Our hostess said, “Indians might have lived here.”

With that idea of being in the American wilderness, I felt a chill, thinking of them in this green land with its protective slopes, its shade, and rivers. Later I learned the ground was full of flint arrowheads.

It was in this setting, with the bluegrass music coming from the wooden hut, that I heard about the religious faith and identity of the people who had come after the Indians. And I had a sense of the history here resting layer upon layer. The Indians, disappearing after centuries; the poor whites; the blacks; the war and all that had come after; and now the need everyone felt, black and white, poor and not so poor, everyone in his own way, to save his soul.

The musicians were young and friendly; there was a girl among them. When they finished they put their big instruments in their pickup truck and went away. When the sun went down there was no wind; the flag drooped. It became cold very quickly; it was still only spring.

T
HE
Atlanta
Constitution
’s file on the affairs of Forsyth County didn’t come as a set of date-stamped newspaper clippings, but as computer printouts. The story of the events of 1912, as researched by one of the newspaper’s writers, was terrible in every way.

The white woman who had been dragged into woods, raped, and beaten—and died two to three days later—was the nineteen-year-old daughter of a well-known farmer. A hand mirror near the scene led police to a deformed eighteen-year-old black man. He confessed, and said that other blacks were also involved. Altogether, eleven blacks were arrested as suspects. Two days after the woman’s death a crowd broke into the Forsyth County jail, shot and killed one of the suspects, beat the body with crowbars, and hung it on a telegraph pole. Three weeks later the deformed man and another black man were tried for the rape and murder and found guilty. The sister of the second man testified against him. Both men were publicly hanged a month after the trial, before a crowd of ten thousand. The few hundred blacks who lived in Forsyth were chased away.

The destroyed young woman, the deformed black, the lynching at the jail and the hanging of the mangled body, the black woman giving evidence against her brother, the public hangings (ten thousand people turning up for that, in a county that fifty years later, before the Atlanta boom, had a population of under twenty thousand)—the story is unbearable in every detail. Yet what seemed to have survived in Forsyth above everything else was the knowledge, a cause for pride to some, that no black lived there.
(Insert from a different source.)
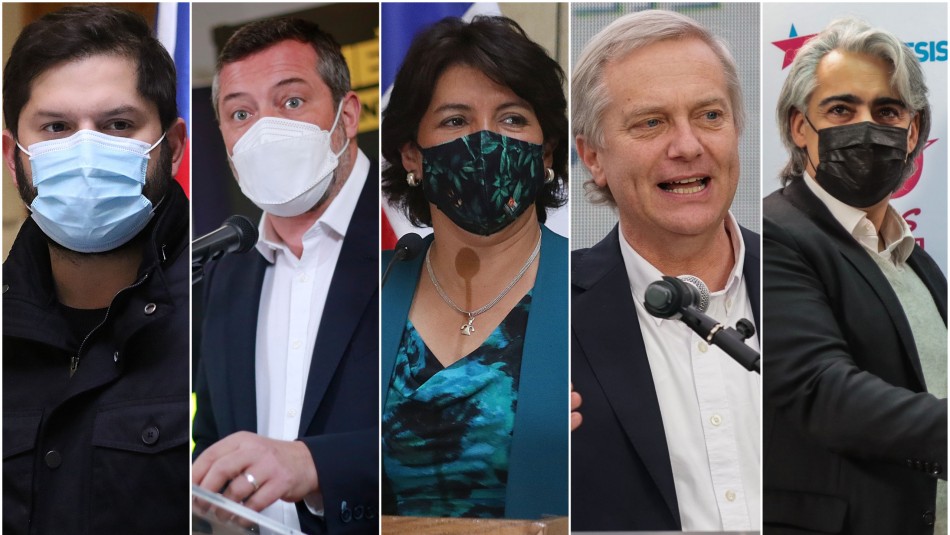 Así queda el orden de los candidatos presidenciales tras el sorteo para la pepeleta del 21 de noviembre Así queda el orden de los candidatos presidenciales tras el sorteo para la pepeleta del 21 de noviembre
The man who had sought to challenge this pride was a white Californian, a karate teacher who had been living in Forsyth for five years. He called for a March of Brotherhood to mark the anniversaries of the death of Gandhi and the birth of Martin Luther King. He changed his mind after getting abusive telephone calls and threats. But the idea of the march had been taken up by another karate teacher, also white, from the next county. This was the march—about fifty people were expected to take part—that Hosea Williams had intervened in. This was the march that had been attacked by Klan groups and others, and had seeded, a week later, the big march of the twenty thousand, with the protection of three thousand National Guardsmen and state and local police officers. So that within a week what had been a brave and lonely cause had been turned by Hosea and a few others into a safe cause; and it had become safer and safer.